Maybe the most interesting historical fact I learned was that the British government brought in a travel ban on American jazz bands in 1935. This was in response to calls from the British Musicians Union to retaliate for a similar American ban on British bands playing over there – but it’s hard not to think that the British public was by far the biggest loser.

Individual soloists (such as Fats or Sidney Bechet) were allowed to travel here, and play with pick-up bands – but this one single fact maybe explains why the kind of ‘Trad Jazz’ my Dad liked lingered on in this country long after American jazz had evolved through swing and bebop into cool jazz by the middle 1950s, when the ban was finally dropped.

It helps to explain the oddly reactionary image which British jazz fans acquired by the 1950s (I think of Kingsley Amis and Philip Larkin’s grumpy devotion to the earliest jazz styles).

Premier Swingster 'Full Dress' Console drum kit (1936) courtesy of Sticky Wicket's Classic drum Collection

Premier Swingster ‘Full Dress’ Console drum kit (1936) courtesy of Sticky Wicket’s Classic drum Collection

Two Temple Place

Two Temple Place is on the Embankment, a few hundred yards east of the Savoy Hotel. It is an extraordinary building, worth a visit in its own right.

The American William Waldorf Astor was one of the richest men in the world when he decided to move to England in 1891. He wanted a building with offices which he could use as a base to manage his impressive portfolio of properties in London and so, in 1895, he bought the small Gothic mansion on the Victoria Embankment at Two Temple Place overlooking the River Thames. He commissioned one of the foremost neo-Gothic architects of the late-nineteenth-century, John Loughborough Pearson, to carry out a $1.5 million renovation in order to turn it into the ‘crenellated Tudor stronghold’ we see today.

Two Temple Place, London WC2R 3BD

Two Temple Place, London WC2R 3BD

It is pure pleasure to wander round inside the remarkable building, marvelling at the intricate wood panelling on all the walls and, in particular, on the elaborate staircase – as well as the spectacular stained glass creations in the Long Gallery upstairs.

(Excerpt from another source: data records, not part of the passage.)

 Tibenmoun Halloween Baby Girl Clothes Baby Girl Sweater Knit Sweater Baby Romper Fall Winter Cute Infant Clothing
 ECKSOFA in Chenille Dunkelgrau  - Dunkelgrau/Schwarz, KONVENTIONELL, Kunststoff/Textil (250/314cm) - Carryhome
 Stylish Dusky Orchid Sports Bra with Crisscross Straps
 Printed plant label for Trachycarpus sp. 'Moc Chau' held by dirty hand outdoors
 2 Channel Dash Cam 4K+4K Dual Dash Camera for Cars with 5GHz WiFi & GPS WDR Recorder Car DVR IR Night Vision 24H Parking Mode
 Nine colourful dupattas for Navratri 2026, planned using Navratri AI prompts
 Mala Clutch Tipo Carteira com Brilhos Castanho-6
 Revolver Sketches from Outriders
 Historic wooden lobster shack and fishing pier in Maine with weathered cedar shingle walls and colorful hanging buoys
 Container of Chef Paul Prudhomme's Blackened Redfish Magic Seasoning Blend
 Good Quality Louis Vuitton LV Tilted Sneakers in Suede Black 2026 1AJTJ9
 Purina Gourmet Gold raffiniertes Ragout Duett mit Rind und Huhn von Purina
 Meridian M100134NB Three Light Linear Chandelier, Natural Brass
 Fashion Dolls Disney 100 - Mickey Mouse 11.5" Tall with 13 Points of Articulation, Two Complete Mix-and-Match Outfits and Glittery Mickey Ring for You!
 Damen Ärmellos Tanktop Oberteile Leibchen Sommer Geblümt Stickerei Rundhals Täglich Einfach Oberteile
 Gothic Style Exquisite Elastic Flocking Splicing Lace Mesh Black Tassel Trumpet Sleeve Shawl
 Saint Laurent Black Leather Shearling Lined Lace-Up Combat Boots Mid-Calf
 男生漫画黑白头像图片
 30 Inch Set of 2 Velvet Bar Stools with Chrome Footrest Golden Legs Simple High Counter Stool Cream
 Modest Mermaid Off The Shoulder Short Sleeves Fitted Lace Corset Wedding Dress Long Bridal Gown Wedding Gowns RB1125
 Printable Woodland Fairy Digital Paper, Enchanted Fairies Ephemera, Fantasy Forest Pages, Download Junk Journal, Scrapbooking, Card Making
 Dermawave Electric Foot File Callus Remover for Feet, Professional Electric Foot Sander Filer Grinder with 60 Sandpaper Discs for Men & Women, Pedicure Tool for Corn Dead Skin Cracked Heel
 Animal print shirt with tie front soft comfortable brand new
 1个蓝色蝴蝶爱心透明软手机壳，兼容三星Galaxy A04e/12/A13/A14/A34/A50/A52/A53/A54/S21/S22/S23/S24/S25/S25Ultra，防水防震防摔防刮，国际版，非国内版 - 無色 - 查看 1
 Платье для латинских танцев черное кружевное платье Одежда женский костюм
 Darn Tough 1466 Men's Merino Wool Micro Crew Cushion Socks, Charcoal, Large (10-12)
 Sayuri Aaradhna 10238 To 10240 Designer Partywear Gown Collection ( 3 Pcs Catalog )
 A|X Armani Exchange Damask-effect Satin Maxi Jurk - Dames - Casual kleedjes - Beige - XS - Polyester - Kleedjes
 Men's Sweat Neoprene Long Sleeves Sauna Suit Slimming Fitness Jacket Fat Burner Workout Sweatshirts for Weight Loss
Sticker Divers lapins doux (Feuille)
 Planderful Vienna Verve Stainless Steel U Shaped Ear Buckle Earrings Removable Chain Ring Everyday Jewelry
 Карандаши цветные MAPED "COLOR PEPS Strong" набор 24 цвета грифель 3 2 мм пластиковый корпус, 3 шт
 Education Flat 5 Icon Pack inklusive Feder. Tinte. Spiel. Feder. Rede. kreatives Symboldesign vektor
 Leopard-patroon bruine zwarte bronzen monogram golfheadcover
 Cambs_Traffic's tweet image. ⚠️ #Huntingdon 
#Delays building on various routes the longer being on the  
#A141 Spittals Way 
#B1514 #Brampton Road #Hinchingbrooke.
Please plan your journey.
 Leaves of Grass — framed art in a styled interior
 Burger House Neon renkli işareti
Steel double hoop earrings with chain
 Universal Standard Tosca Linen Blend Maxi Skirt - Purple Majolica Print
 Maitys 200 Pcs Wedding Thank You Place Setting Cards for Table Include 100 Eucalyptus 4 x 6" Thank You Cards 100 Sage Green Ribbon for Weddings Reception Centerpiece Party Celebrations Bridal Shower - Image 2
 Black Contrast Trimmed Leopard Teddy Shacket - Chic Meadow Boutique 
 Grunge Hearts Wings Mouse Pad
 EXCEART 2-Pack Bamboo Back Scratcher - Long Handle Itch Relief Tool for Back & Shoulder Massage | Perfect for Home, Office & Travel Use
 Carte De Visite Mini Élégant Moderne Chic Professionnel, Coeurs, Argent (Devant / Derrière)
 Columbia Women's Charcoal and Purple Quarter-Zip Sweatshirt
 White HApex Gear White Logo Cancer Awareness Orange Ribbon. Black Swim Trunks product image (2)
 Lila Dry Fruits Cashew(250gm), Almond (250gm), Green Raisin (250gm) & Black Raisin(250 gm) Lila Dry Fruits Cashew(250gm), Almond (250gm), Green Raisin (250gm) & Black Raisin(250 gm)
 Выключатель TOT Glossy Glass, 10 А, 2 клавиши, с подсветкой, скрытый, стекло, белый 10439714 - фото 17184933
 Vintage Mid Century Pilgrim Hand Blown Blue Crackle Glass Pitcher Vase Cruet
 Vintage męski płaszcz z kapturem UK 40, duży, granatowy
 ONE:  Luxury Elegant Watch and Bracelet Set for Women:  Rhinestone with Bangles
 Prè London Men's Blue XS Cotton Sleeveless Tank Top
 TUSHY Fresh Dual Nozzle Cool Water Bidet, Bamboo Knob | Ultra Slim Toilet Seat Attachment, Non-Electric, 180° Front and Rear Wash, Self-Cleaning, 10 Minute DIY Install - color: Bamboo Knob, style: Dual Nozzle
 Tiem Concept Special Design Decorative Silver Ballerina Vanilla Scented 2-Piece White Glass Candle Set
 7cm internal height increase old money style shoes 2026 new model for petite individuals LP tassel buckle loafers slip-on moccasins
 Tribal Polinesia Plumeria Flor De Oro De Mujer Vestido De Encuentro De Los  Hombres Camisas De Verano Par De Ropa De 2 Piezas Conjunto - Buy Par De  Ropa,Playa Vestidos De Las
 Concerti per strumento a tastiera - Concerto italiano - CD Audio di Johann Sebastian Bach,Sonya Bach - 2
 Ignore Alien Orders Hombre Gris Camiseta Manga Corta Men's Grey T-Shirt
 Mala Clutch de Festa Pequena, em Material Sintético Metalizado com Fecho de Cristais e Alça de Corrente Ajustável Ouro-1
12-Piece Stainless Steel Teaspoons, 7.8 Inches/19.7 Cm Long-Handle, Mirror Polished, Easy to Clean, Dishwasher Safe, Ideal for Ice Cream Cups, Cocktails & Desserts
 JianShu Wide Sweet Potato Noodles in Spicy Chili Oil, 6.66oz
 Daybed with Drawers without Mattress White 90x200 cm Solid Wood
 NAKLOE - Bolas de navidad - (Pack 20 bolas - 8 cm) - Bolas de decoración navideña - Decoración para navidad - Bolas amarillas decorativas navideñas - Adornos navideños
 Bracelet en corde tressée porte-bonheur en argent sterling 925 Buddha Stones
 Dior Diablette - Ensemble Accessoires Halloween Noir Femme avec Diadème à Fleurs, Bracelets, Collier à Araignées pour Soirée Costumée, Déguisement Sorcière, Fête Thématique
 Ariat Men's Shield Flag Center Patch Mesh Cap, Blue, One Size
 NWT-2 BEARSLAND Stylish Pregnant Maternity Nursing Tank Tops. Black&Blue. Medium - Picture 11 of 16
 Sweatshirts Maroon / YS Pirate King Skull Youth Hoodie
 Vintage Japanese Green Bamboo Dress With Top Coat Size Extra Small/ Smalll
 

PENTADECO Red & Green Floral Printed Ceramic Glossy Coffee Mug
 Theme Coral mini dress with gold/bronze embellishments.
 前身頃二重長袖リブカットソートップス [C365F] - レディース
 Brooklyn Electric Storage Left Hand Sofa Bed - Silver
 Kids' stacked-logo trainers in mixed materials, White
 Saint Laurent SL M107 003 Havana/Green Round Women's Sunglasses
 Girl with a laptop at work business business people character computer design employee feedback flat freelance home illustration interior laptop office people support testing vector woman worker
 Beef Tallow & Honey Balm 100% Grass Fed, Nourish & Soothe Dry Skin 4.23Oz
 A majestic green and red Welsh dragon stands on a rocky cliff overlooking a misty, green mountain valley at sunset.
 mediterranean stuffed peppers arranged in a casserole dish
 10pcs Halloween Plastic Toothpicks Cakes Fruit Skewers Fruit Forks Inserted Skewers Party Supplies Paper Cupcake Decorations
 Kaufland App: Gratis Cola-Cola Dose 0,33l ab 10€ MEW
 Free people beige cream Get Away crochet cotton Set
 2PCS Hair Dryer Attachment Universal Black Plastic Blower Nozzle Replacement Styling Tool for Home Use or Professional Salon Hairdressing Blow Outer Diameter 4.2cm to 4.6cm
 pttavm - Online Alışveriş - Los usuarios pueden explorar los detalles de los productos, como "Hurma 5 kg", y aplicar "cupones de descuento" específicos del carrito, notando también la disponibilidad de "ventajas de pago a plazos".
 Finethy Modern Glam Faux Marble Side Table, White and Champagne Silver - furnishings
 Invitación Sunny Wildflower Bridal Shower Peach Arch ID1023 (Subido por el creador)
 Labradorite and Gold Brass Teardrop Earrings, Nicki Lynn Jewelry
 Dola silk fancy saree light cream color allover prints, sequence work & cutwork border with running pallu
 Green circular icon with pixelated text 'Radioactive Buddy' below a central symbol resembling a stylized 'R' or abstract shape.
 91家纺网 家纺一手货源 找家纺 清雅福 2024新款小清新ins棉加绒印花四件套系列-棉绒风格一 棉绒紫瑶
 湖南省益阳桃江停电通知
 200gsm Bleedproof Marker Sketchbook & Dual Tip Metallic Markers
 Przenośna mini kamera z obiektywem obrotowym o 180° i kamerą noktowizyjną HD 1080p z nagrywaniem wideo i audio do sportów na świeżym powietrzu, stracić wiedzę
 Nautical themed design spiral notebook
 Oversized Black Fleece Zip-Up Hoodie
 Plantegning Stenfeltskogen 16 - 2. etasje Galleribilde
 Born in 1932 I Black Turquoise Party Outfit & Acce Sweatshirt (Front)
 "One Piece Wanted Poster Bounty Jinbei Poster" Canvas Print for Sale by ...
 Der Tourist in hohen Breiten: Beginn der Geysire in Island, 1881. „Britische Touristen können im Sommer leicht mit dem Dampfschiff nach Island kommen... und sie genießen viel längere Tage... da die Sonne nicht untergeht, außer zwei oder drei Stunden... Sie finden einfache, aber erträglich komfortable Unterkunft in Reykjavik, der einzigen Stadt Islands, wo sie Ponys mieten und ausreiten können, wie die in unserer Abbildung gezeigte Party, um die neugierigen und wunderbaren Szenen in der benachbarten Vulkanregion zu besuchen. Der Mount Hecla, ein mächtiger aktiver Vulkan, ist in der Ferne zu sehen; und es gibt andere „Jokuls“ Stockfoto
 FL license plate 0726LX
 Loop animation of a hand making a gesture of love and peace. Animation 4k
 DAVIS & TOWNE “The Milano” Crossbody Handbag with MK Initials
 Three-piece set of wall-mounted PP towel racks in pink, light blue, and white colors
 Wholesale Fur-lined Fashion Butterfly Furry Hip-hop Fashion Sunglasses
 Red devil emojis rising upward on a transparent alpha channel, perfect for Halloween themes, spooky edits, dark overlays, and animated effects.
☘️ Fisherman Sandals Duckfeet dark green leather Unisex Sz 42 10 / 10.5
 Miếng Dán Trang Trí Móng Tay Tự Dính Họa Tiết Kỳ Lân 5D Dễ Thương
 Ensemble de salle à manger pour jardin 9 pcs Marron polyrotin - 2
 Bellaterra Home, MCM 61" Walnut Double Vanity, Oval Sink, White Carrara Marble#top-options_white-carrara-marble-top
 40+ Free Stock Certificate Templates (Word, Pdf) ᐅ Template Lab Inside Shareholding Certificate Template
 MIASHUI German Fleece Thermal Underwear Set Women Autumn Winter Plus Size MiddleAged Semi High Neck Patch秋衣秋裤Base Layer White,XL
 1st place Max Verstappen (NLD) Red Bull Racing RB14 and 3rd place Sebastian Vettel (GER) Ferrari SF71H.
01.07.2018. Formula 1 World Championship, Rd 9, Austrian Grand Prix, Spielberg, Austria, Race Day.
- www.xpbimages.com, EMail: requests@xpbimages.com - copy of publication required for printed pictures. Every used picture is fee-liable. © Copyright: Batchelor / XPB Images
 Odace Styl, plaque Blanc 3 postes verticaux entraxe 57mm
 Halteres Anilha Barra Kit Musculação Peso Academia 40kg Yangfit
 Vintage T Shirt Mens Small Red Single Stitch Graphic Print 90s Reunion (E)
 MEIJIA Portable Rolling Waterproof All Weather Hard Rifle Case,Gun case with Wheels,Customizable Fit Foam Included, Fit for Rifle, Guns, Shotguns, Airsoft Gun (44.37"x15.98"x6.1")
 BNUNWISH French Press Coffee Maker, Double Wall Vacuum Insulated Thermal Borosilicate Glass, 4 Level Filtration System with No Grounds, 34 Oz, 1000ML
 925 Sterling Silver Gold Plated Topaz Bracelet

The staircase at Two Temple Place

The staircase at Two Temple Place

The building is now owned by the Bulldog Trust and every winter they hold a public exhibition. This is the seventh such show, a joint venture with the Arts Society, and brings together artefacts from museums and galleries around the country, not least from the venerable National Jazz Archive in Essex.

The setting is stunning, and the Rhythm and Reaction exhibition is wonderful, informative and uplifting. And it’s all free. What are you waiting for?